### WORK TO COMPLETE
In the entries that follow, find the line containing "Boston Terrier Tarot Card" and the line containing "Loviga Portable Air", then retype exactly the lines from the first through the second, pictures excluded.

### INFORMATION SHOWN
⟨

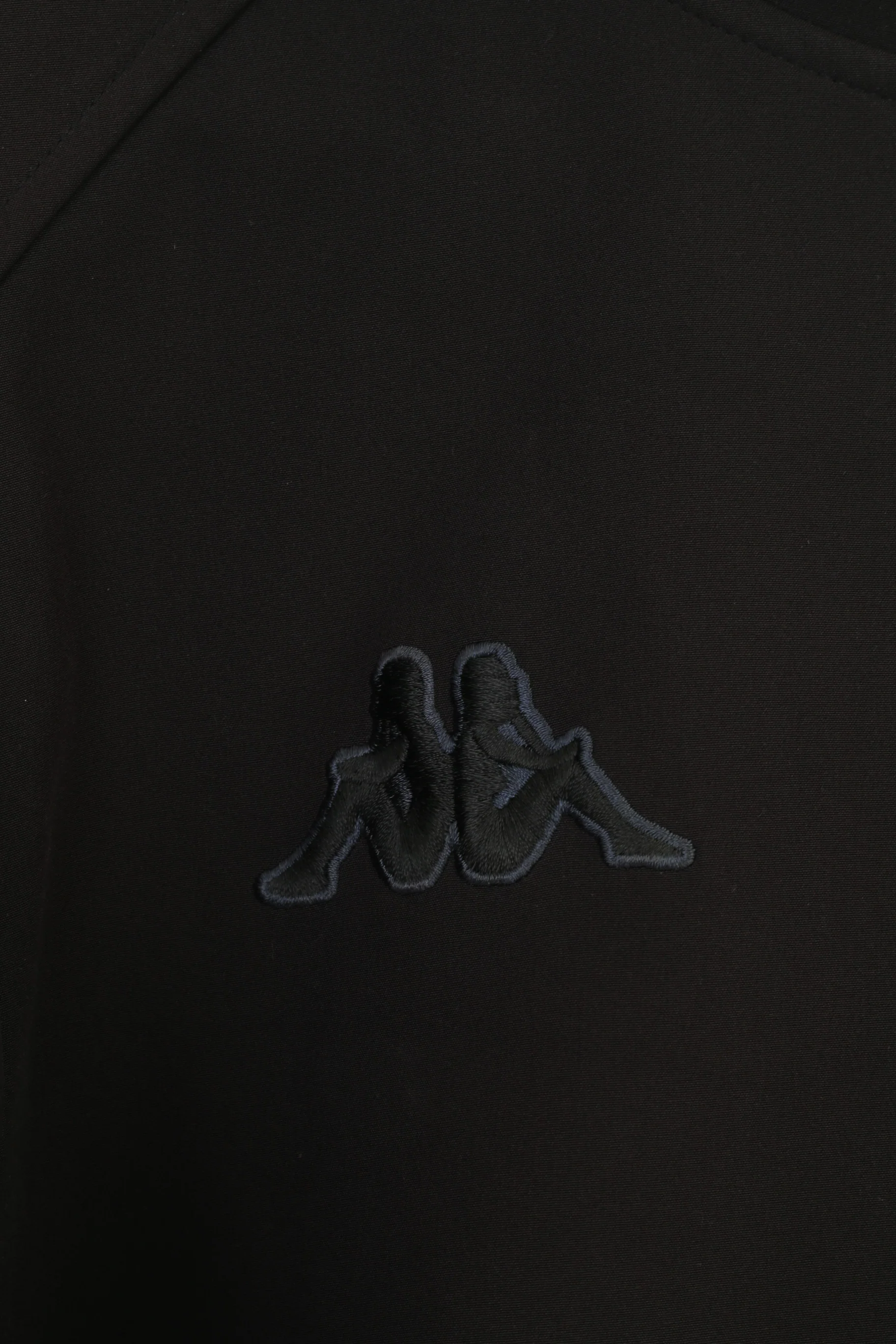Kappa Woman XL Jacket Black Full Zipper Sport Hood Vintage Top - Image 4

⟩
⟨

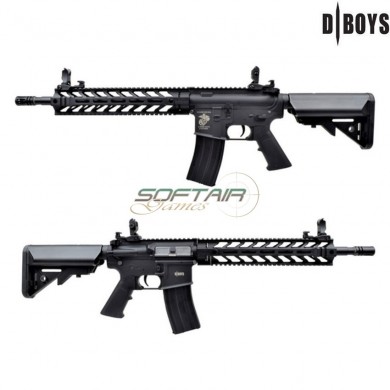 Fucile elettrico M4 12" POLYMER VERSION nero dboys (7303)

⟩
⟨

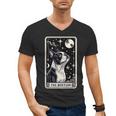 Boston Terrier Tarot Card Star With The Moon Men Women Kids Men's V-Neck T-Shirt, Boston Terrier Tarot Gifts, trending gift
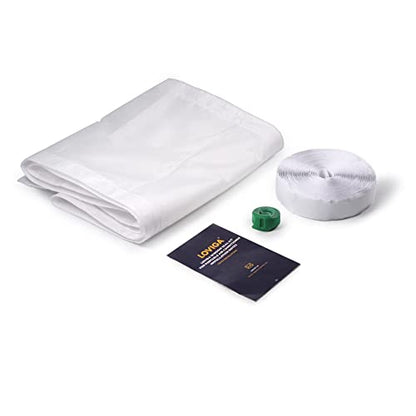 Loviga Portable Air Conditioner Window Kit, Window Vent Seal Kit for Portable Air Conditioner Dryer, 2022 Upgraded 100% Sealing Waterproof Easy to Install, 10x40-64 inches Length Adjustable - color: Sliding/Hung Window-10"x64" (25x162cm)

⟩

### OUTPUT FOR THIS TASK
 Boston Terrier Tarot Card Star With The Moon Men Women Kids Men's V-Neck T-Shirt, Boston Terrier Tarot Gifts, trending gift
 Loviga Portable Air Conditioner Window Kit, Window Vent Seal Kit for Portable Air Conditioner Dryer, 2022 Upgraded 100% Sealing Waterproof Easy to Install, 10x40-64 inches Length Adjustable - color: Sliding/Hung Window-10"x64" (25x162cm)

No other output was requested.